Measures of Central Tendency and Dispersion
Measures of Central Tendency and Dispersion
Measures of Central Tendency
- Mean: Refers to the average of a data set. It is calculated by summing all values in the data set and dividing by the number of values.
- Median: It’s the middle value in a data set when the data set is arranged in ascending or descending order. If the data set has an even number of entities, the median is the average of the two middle values.
- Mode: This is the most frequently occurring value in a data set. A data set may have more than one mode if several values occur with equal highest frequency.
Measures of Dispersion
- Range: The difference between the highest and lowest value in a data set.
- Interquartile Range (IQR): The range of the middle 50% of values in a data set.

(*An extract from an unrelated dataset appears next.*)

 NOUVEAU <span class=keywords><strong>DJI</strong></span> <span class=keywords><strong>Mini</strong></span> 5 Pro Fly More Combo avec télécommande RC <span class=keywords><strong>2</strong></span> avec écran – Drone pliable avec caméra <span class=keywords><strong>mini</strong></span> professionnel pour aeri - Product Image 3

It is calculated by subtracting the value of lower quartile (Q1) from the upper quartile (Q3).
- Variance: A measure of how spread out the values in a data set are around the mean. It is calculated as the average of the squared differences from the mean.
- Standard Deviation: It is the square root of variance. It is a more intuitive measure of dispersion as it is expressed in the same units as the original data.
Estimating population parameters from sample data
- A sample is a subset of a population.
- Sample Mean (X̄) and Sample Variance (s²) can be used to estimate the population mean (μ) and population variance (σ²) respectively.
- While calculating sample variance ,the denominator is (n-1) not n, where ‘n’ is the number of items in the sample. This ensures an unbiased estimate of the population variance.
- Confidence Interval (CI) around the sample mean can be used to give an interval estimate of the population mean. This interval has a specified probability (confidence level) of containing the population mean.
- Standard error is a measure of the precision of an estimate. It is the standard deviation of the estimated distribution of the sample mean.